Re: [HACKERS] CIC and deadlocks

2007-04-11 Thread Pavan Deolasee

On 4/1/07, Tom Lane [EMAIL PROTECTED] wrote:



Good point.  I'm envisioning a procarray.c function along the
lines of
bool TransactionHasSnapshot(xid)
which returns true if the xid is currently listed in PGPROC
and has a nonzero xmin.  CIC's cleanup wait loop would check
this and ignore the xid if it returns false.  Your point means
that this function would have to take exclusive not shared lock
while scanning the procarray, which is kind of annoying, but
it seems not fatal since CIC isn't done all that frequently.
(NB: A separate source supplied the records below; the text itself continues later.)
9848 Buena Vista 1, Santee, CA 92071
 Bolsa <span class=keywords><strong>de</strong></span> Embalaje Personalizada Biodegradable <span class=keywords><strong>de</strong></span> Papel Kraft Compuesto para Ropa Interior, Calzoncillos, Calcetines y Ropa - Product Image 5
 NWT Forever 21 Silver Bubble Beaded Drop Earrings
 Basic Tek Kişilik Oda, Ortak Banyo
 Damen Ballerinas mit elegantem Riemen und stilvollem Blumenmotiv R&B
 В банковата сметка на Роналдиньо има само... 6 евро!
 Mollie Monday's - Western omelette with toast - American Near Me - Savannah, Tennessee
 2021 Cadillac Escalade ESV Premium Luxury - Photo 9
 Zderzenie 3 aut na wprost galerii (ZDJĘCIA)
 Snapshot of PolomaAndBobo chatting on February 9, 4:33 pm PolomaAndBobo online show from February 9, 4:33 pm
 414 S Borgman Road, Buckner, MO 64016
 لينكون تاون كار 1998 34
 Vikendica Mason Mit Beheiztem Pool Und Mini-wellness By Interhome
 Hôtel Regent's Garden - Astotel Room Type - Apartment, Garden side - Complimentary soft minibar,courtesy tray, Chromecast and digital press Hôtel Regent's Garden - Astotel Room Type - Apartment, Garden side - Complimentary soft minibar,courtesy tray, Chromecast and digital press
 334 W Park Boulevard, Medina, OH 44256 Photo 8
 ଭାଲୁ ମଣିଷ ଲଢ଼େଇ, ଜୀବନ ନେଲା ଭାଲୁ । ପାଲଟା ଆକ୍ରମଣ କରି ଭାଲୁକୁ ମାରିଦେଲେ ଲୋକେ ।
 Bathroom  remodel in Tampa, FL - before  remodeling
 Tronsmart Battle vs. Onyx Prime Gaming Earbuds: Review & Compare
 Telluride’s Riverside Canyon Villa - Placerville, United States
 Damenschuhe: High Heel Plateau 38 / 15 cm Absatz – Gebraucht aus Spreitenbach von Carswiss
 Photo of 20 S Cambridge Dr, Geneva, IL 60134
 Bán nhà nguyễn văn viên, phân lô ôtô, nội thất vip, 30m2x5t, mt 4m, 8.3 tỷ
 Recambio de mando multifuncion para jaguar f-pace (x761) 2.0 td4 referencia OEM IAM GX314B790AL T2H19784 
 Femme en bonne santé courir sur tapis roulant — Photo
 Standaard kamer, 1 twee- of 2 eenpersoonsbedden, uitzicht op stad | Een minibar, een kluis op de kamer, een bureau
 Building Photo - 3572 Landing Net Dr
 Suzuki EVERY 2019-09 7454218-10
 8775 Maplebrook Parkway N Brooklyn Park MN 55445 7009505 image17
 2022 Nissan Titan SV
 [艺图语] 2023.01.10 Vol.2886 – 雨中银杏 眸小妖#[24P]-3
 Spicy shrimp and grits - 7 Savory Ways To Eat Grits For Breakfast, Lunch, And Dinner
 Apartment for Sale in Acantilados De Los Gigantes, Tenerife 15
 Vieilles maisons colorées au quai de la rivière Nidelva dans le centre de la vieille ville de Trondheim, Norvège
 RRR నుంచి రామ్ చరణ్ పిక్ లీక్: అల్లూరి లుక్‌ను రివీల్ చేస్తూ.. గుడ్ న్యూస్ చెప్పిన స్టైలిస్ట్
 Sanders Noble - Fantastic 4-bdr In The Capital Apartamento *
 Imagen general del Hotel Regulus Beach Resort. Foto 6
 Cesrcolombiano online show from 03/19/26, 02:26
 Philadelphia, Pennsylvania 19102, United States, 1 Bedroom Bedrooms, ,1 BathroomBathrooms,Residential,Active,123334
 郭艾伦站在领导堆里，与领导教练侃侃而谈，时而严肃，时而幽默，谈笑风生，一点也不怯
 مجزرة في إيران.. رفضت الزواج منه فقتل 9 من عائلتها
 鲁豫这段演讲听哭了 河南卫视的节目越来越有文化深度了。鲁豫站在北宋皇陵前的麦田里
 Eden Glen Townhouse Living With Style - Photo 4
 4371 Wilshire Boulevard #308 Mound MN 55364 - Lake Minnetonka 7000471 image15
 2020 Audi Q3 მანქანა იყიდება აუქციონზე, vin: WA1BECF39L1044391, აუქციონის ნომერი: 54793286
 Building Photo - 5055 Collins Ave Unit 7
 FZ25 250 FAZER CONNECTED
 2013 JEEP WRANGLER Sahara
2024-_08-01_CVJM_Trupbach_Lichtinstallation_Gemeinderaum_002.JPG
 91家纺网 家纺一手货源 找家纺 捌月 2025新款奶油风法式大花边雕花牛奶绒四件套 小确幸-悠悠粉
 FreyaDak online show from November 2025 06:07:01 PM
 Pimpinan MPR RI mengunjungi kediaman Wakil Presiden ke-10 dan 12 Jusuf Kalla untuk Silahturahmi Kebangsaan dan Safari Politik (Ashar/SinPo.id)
When I looked at the code, it occurred to me that possibly we are
OK with just taking shared lock on the procarray. That means that
some other transaction can concurrently set its serializable snapshot
while we are scanning the procarray. But that should not harm us:
if we see the snapshot set, we wait for the transaction. A transaction
which is setting its serializable snapshot NOW, can not see the
tuples that we did not index, isn't it ?

A patch based on the discussion is attached.

Thanks,
Pavan

--

EnterpriseDB http://www.enterprisedb.com


CIC_deadlock.patch
Description: Binary data

---(end of broadcast)---
TIP 4: Have you searched our list archives?

   http://archives.postgresql.org


Re: [HACKERS] CIC and deadlocks

2007-04-11 Thread Tom Lane
Pavan Deolasee [EMAIL PROTECTED] writes:
 When I looked at the code, it occurred to me that possibly we are
 OK with just taking shared lock on the procarray. That means that
 some other transaction can concurrently set its serializable snapshot
 while we are scanning the procarray. But that should not harm us:
 if we see the snapshot set, we wait for the transaction. A transaction
 which is setting its serializable snapshot NOW, can not see the
 tuples that we did not index, isn't it ?

[ itch... ]  The problem is with time-extended execution of
GetSnapshotData; what happens if the other guy lost the CPU for a good
long time while in the middle of GetSnapshotData?  He might set his
xmin based on info you saw as long gone.

You might be correct that it's safe, but the argument would have to
hinge on the OldestXmin process being unable to commit because of
someone holding shared ProcArrayLock; a point you are definitely not
making above.  (Study the comments in GetSnapshotData for awhile,
also those in xact.c's commit-related code.)

I'm about to head to bed and am certainly in no condition to carry the
proof through.  Have at it ...

regards, tom lane

---(end of broadcast)---
TIP 4: Have you searched our list archives?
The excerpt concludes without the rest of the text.